BITS also includes a prediction-and-planning module to help stabilize the model in new environments and over longer time horizons. It achieves this by reviewing the model’s possible trajectories and selecting those that follow the rules of plausible driving behavior. This reduces the risk of diverging away from reasonable behaviors.

Evaluating BITS quality

Determining whether the behavior of a traffic model is realistic, as well as its ability to generate accurate and unseen scenarios, is incredibly difficult. This is because there is no ground truth for direct comparison. Thus, evaluating the BITS traffic model presents its own challenge.

As detailed in BITS: Bi-Level Imitation for Traffic Simulation, we divide our evaluation into three domains: rollout metrics (coverage, diversity, and failure rates), statistical differences compared to the real world, and resemblance to human drivers.

The first domain directly measures the low-level network in terms of its coverage area, the diversity of each run, and the frequency of collisions or off-road driving incidents. The second domain compares the speed and jerk differences of the simulated cars to real-world data. The third domain measures human-like behavior by comparing it to a prediction model that forecasts the agent’s future position at a given timestamp.

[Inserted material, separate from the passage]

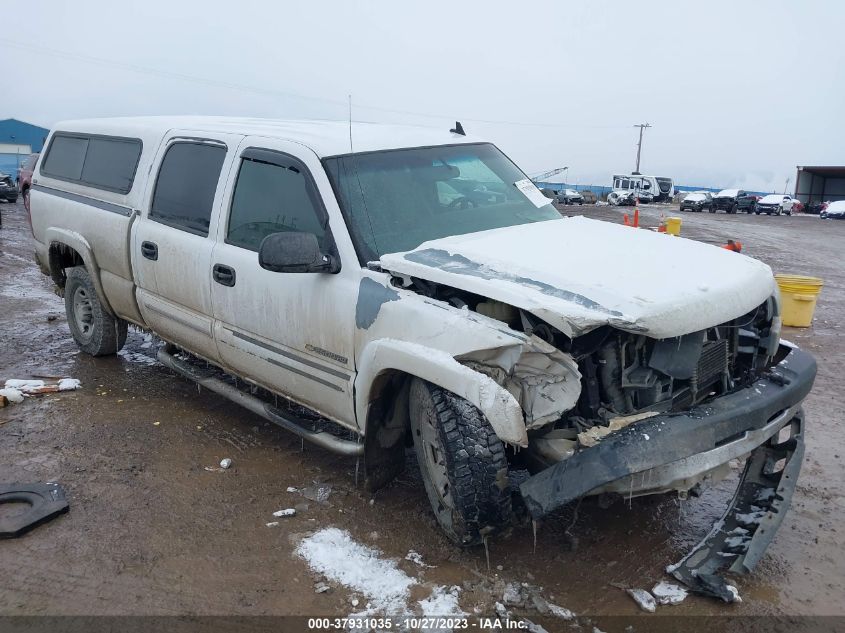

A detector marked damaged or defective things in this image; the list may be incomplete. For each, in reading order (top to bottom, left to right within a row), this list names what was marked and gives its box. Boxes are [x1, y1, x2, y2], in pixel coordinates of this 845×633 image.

damaged white pickup truck [29, 117, 816, 596]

2D sketches of car trajectories, organized by four traffic models over five trials. The TPP and TrafficSim models show little variety in repeated trials, while the BITS model shows different trajectories across all five trials. — *Figure 3. Comparison of trajectories planned by various learning-based traffic models*

As shown in Figures 2 and 3, while other models exhibit tradeoffs between generating diverse trajectories and falling into repeated behaviors, BITS charts a new scenario each time with lower failure rates.

Conclusion

The ability to model realistic traffic behavior in simulation is critical to developing robust AV technology. By optimizing fidelity and diversity, BITS brings AI-generated traffic simulation even closer to the complexity of the real world. We aim to further develop and refine BITS, and ultimately integrate it into the production NVIDIA DRIVE Sim pipeline.

We invite the industry to use and contribute to this developing work in simulation, which is open-sourced at NVlabs/traffic-behavior-simulation on GitHub. We are also building and open-sourcing trajdata, a software tool that unifies data formats from different AV datasets and transforms scenes from existing datasets into interactive simulation environments.